L’Express : En piste ! se présente comme une "exposition-spectacle". Comment l’avez-vous abordée ?

Macha Makeïeff : C’est un spectacle immobile. J’ai trouvé intéressant d’investir ce grand parallélépipède, comme une nouvelle scène. Ce qui m’importait, c’est ce qui allait se passer avec le public. On a inventé une mécanique, une géométrie, où on peut déambuler, regarder. Dans un spectacle, on est très attentif à la musicalité, à la rythmique, et ici cette rythmique est faite de séquences, de couleurs, de mouvements. Il se passe quelque chose de cinétique pour les visiteurs. Il fallait que ce soit une machine qui se mette à bouger avec eux. Avec leur imaginaire, surtout, car tout n’est pas dit, on n’accumule pas les informations sur les objets, c’est l’imaginaire de chacun qui leur donne vie. Il s’agit, comme au théâtre, de rester dans le questionnement, dans la proposition. Qu’est-ce que tu fais de ça ? De ce dialogue entre Niki de Saint Phalle, ces trapèzes rapiécés, ce chien qui a l’air d’attendre la parade des clowns ? Ce qui se dit ici, c’est que le spectacle n’en finit jamais.

D’où vient ce besoin intense d’exhumer des objets mis au rebut, de garder vivantes des choses qui n’existent plus ?

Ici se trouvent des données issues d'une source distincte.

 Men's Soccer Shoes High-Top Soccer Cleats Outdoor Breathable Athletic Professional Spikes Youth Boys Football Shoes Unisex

Il y a l’obsession de mettre ces pauvres choses, ces attirails, ces bazars, ces bêtes à l’intérieur d’un récit qui raconte l’humanité. Là réside d’ailleurs la force du lien que j’ai avec le Mucem, qui conserve des objets déclassés. Les choses, celles du spectacle en particulier, constituent un conservatoire très humain. Et je voudrais qu’on sorte un point de vue là-dessus, sur le destin des choses et des êtres. Cela vient aussi de mon histoire personnelle : quand je termine un spectacle, je me retrouve avec ces costumes, ces accessoires, ces bouts de décor voués à disparaître, qui racontent le déclassement, le destin de l’artiste une fois la scène, la piste et les loges désertées. J’ai pensé l’exposition comme le prolongement du spectacle, une autre célébration de ceux qui sont laissés-pour-compte.

N’y a-t-il pas quelque chose de l’ordre de la tristesse dans l’exhumation de ces vestiges d’un monde disparu ?

Dans l’exposition, comme au théâtre, je crois beaucoup à la puissance de la fantaisie. Les figures convoquées ici sont souvent des artistes qui ont fait rire, qui ont fait sourire, qui disparaissent une fois le plateau démonté, le music-hall fermé ou le maquillage enlevé. Ils ont la conscience de ce décalage et de la fragilité de leur condition. Agnès Varda, qui a photographié partout des gens du cirque, du théâtre, a attrapé ça d’une façon admirable, ce quelque chose de joyeux et d’en même temps profondément mélancolique. J’ai eu la chance de bien la connaître et on parlait souvent de ces choses immobiles qui se mettent à bouger parce que notre regard sur elles bouge.

"Hommage à Tati" (théâtre optique), 2010, par Pierrick Sorin.

Vous avez créé des spectacles vivants, mais aussi des scénographies d’exposition. Aujourd’hui les deux se fondent finalement…

La part plastique du spectacle vivant m’a toujours importée. Pour moi, relier les deux est juste. Dans cette déambulation au Mucem, il y a très peu de mots, hormis quelques textes d’introduction, des pancartes ici ou là où les poètes prennent la parole, mais il n’y a pas de commentaires écrasants parce que les objets, les bêtes et les œuvres sont suffisamment éloquents. On les a mis en perspective de manière qu’ils dialoguent, qu’ils racontent énormément à l’image des théâtres sans texte, comme le théâtre italien, par exemple, dont Molière s’est inspiré. Sur scène, on peut dire beaucoup de choses sans les mots.

Vous convoquez notamment Jacques Tati…

Il était venu voir les premiers spectacles qu’on a montés avec Jérôme Deschamps, il nous faisait venir dans son bureau et on passait des heures à l’écouter. C’était un grand monsieur qui a déposé en nous une exigence incroyable. Il figure dans l’exposition, notamment à travers l’œuvre de Pierrick Sorin, parce qu’il fait partie de ces saltimbanques. Avant même d’être un cinéaste, il partait en tournée dans des spectacles de music-hall. Colette disait de lui que c’était un centaure magnifique.

Colette, justement, est l’une des figures tutélaires d’En piste !

Elle est là à chaque instant, elle nous a couvés de sa pensée et de son regard tout au long de cette aventure. Colette, l’immense Colette, nous accompagne avec La Vagabonde et L’Envers du music-hall qui sont des livres fondateurs, tout aussi fondateurs que Stravinsky et Balanchine.